(1.) The Judge has awarded the sum of Rs. 50 per month for maintenance to the plaintiff, who is the widow of a deceased member of a joint Hindu family. The defendants, her husband s brother and brother s sons, appeal.
(2.) It is first contended that the District Judge is wrong in fixing the maintenance with reference to the present income of the family. The major part of the income is derived from the family trade in which the plaintiff s husband took part at the time of his death and which has developed considerably since. The District Judge estimates the present income at Rs. 17,500 a year. It is contended for the appellants that it was not more than Rs. 500 in 1897 when the plaintiff s husband died: and the rate of maintenance should be fixed with reference to that income.

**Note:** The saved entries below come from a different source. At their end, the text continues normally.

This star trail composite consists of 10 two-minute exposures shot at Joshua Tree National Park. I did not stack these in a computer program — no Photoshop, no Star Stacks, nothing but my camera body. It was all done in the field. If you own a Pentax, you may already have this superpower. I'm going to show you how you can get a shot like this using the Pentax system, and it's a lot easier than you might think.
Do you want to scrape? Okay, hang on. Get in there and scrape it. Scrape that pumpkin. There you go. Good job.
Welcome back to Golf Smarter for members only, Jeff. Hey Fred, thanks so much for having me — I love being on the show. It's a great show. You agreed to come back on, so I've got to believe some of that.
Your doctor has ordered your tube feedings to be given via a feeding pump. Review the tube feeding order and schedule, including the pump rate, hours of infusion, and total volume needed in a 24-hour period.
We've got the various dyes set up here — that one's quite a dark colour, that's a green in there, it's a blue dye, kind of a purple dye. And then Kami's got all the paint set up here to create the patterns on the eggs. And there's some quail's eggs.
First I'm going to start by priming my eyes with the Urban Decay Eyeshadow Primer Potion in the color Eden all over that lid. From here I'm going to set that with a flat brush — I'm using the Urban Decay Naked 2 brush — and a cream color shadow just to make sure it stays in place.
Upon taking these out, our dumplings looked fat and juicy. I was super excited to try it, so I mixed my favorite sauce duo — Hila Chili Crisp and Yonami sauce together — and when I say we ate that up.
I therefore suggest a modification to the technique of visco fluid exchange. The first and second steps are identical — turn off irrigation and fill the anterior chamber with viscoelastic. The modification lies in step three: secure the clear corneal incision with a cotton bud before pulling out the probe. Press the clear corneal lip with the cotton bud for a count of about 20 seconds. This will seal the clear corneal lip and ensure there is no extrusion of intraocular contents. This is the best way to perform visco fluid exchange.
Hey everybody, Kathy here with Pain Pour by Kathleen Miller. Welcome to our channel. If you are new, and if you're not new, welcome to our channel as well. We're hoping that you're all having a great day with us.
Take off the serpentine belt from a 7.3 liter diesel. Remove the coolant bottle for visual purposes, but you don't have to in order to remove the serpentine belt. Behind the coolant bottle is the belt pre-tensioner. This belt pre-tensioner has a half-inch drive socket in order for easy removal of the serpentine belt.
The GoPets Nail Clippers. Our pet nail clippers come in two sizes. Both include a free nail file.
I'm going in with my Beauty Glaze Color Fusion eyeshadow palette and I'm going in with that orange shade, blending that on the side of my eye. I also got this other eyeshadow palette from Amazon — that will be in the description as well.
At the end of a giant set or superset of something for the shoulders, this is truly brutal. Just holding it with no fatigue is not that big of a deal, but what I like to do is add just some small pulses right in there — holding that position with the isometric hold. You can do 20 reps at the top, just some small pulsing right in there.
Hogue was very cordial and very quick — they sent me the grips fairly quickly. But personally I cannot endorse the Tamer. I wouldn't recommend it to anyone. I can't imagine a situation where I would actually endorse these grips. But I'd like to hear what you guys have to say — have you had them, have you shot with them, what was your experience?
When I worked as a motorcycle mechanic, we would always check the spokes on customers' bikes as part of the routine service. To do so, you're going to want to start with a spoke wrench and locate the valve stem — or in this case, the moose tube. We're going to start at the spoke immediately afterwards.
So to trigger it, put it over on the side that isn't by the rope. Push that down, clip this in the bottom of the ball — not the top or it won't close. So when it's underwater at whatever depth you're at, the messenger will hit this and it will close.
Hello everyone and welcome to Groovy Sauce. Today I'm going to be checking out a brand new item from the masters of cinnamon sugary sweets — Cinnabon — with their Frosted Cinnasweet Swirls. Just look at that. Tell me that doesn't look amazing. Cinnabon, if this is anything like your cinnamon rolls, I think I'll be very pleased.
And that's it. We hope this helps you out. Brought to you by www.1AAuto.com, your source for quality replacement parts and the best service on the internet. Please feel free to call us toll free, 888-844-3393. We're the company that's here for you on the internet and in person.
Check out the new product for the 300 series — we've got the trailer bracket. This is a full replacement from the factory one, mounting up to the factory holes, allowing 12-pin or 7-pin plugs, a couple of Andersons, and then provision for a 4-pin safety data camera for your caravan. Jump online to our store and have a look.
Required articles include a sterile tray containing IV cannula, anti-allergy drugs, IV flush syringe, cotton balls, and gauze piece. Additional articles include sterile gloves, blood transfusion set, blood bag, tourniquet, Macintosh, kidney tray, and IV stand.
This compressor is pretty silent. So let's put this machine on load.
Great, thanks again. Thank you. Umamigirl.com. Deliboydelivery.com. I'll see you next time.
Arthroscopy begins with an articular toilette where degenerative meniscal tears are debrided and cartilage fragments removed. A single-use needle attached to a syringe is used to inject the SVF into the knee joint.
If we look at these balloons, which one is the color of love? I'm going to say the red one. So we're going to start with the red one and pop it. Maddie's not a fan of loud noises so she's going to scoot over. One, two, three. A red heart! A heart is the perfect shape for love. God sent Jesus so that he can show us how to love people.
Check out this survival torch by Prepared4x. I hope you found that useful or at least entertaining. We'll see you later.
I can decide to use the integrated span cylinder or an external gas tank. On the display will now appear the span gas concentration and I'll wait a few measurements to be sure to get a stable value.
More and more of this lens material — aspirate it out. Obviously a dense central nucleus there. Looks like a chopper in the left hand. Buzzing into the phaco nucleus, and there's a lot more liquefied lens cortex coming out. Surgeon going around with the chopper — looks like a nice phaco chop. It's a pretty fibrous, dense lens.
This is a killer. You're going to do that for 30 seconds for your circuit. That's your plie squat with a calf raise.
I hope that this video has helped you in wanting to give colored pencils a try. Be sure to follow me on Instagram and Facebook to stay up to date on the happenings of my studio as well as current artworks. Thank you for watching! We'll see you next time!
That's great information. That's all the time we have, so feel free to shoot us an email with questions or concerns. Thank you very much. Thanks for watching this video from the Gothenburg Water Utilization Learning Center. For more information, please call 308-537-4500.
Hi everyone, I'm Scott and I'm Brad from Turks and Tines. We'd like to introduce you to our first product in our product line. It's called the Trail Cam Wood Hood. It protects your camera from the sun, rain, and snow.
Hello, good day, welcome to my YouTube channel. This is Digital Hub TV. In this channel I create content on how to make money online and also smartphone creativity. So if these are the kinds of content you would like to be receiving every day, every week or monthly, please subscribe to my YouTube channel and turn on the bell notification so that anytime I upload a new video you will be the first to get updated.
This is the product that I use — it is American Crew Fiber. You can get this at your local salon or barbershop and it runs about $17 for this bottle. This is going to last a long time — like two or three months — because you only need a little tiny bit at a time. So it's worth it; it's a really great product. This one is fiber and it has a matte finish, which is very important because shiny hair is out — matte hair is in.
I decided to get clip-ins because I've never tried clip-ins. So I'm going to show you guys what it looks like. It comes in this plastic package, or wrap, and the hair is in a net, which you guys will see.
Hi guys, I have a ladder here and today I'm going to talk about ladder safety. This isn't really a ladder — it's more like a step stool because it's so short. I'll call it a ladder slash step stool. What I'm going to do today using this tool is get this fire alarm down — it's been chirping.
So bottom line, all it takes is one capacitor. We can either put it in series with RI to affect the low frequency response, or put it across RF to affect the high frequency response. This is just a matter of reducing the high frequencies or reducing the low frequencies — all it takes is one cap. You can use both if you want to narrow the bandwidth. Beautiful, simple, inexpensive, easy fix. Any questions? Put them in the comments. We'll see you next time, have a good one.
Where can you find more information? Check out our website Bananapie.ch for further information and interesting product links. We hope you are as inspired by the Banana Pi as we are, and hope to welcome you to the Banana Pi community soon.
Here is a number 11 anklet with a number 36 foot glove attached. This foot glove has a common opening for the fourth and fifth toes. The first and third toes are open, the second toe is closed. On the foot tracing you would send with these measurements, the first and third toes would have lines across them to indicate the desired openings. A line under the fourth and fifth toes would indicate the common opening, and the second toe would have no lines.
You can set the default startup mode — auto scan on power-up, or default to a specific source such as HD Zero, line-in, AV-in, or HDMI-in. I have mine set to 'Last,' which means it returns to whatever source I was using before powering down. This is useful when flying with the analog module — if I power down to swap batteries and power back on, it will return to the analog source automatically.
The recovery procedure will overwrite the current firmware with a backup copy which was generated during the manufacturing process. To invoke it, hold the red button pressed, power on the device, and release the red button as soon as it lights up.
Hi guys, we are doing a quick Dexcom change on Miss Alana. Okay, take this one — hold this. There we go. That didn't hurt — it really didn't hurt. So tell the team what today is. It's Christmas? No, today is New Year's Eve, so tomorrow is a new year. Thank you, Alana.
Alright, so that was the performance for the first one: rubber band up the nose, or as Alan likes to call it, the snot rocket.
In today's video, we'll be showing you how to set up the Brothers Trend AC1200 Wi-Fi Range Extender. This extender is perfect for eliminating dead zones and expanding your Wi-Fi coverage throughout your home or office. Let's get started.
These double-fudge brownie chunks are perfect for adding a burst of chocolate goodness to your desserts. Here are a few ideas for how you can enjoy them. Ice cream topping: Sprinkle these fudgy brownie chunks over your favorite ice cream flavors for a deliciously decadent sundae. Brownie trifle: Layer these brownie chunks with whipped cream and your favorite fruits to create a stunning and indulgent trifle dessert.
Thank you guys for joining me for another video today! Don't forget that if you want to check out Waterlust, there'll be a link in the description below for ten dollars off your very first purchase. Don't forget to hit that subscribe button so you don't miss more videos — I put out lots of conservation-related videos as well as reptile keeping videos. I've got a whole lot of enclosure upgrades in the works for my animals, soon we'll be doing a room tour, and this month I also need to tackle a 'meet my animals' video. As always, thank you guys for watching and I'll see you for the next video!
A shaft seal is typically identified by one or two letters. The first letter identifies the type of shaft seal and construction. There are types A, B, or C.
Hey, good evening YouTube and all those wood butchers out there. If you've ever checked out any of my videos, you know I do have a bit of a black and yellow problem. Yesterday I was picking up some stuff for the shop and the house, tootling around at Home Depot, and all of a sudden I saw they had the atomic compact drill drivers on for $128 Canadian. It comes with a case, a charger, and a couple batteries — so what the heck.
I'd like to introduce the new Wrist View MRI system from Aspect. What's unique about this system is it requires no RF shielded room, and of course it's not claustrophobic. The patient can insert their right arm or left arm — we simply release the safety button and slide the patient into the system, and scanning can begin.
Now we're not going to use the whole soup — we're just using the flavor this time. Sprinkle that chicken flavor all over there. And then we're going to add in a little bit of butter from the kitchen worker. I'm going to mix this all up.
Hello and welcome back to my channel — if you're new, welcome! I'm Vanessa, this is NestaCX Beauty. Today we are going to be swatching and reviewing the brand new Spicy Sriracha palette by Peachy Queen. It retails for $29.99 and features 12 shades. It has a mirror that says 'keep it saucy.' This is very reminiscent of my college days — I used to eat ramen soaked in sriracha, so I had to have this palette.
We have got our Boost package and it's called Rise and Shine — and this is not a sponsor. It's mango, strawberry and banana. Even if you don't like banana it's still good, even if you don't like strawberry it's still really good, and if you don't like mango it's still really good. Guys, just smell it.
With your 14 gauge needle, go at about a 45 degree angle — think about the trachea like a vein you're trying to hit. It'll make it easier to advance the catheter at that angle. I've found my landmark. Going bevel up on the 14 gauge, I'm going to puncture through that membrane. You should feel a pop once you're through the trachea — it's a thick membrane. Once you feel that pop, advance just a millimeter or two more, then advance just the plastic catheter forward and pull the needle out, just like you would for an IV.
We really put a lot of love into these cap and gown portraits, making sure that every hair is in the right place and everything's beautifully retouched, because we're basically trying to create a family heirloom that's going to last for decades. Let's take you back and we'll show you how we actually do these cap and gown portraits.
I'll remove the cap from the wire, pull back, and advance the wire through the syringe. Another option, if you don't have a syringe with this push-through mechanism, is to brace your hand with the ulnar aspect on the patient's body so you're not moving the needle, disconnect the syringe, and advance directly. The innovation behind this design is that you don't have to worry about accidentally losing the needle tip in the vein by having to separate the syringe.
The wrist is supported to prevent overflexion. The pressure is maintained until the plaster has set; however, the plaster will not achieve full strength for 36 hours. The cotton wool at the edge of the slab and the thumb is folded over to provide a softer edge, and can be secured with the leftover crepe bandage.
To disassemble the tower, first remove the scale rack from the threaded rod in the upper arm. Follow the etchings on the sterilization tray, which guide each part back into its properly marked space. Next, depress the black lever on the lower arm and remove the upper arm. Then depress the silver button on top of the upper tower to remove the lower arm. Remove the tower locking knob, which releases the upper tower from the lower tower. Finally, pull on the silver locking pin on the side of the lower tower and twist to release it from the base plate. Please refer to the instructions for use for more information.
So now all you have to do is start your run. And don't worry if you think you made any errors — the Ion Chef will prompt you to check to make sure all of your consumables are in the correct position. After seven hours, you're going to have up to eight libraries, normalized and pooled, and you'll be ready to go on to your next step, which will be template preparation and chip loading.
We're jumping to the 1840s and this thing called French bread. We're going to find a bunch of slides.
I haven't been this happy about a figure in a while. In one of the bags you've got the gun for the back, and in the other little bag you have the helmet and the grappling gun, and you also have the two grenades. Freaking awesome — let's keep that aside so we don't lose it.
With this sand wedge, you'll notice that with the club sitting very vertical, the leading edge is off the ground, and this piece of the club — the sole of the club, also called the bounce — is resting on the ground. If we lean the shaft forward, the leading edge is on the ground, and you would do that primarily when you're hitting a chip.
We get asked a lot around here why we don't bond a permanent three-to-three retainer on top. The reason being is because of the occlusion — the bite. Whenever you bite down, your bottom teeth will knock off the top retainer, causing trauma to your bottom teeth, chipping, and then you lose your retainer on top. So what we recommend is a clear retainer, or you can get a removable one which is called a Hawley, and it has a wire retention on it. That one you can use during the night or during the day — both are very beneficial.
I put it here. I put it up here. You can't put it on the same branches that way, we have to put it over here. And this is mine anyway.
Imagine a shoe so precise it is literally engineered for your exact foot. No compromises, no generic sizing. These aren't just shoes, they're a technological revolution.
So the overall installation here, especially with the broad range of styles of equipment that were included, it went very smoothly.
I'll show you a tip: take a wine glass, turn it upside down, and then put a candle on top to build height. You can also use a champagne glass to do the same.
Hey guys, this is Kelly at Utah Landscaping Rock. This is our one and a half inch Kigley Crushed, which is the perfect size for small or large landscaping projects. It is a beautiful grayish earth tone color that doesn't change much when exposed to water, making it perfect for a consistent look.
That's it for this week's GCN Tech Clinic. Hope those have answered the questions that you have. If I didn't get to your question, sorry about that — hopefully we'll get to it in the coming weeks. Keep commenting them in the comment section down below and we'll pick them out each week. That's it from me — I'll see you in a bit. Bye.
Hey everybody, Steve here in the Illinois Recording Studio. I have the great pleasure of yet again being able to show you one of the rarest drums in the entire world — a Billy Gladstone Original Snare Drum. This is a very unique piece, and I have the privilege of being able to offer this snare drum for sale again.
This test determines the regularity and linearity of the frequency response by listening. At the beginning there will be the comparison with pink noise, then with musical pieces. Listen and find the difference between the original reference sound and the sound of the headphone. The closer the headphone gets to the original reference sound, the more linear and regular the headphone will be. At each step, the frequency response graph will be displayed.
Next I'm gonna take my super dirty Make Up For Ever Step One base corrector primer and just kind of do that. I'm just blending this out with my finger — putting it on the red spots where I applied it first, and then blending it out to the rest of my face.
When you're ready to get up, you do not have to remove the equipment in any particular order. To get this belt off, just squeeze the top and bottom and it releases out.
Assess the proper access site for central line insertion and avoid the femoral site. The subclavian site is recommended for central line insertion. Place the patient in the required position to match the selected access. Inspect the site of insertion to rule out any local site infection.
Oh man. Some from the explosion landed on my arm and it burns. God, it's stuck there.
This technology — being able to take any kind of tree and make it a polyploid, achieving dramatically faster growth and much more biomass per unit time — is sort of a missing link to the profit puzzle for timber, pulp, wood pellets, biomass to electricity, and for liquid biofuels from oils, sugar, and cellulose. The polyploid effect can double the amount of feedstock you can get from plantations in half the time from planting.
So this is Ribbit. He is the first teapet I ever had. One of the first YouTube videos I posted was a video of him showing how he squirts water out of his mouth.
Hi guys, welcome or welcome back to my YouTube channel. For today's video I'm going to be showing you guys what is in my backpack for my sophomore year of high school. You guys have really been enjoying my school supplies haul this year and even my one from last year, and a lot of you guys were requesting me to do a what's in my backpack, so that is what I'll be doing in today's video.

(3.) It is not contended that the property out of which the plaintiff seeks to be maintained is not joint family property; that the defendants did not take her husband s interest by survivorship and that formed in part the nucleus of. this acquisition. It is. also clear that if the family income had been reduced, the plain-.tiff would only get a reduced rate of maintenance and she would not be entitled to have it fixed with reference to the family income at the date of her husband s death, a daughter-in-law may not be entitled to claim any maintenance out of the self-acquired property in the hands of her father-in-law if her husband dies before his father. But she would be entitled to claim it out of the same property after it descends to her brothers-in-law as ancestral property. The character of the property at her husband s death does not therefore always limit her claim. The cases Adhi Bai v. Cursundas Nathu (1886) I.L.R. 11 B. 199 Madhava Rav Keshav Tilak v. Gangabai (1878) I.L.R. 2 B. 639 support the view that the share the husband would get if he had been alive at the time of the suit should be taken into consideration and not the share, if any, he was entitled to on his death. We agree with the decision in Sukan Sahu v. Gangajali (1911) 13 Indian Cases, 136 The decision in Bangaru Ammal v. Vijamachi Beddiar (1898) I.L.R. 22 M., p. 176 that altered circumstances would justify an increased rate of maintenance proceed on the same principle.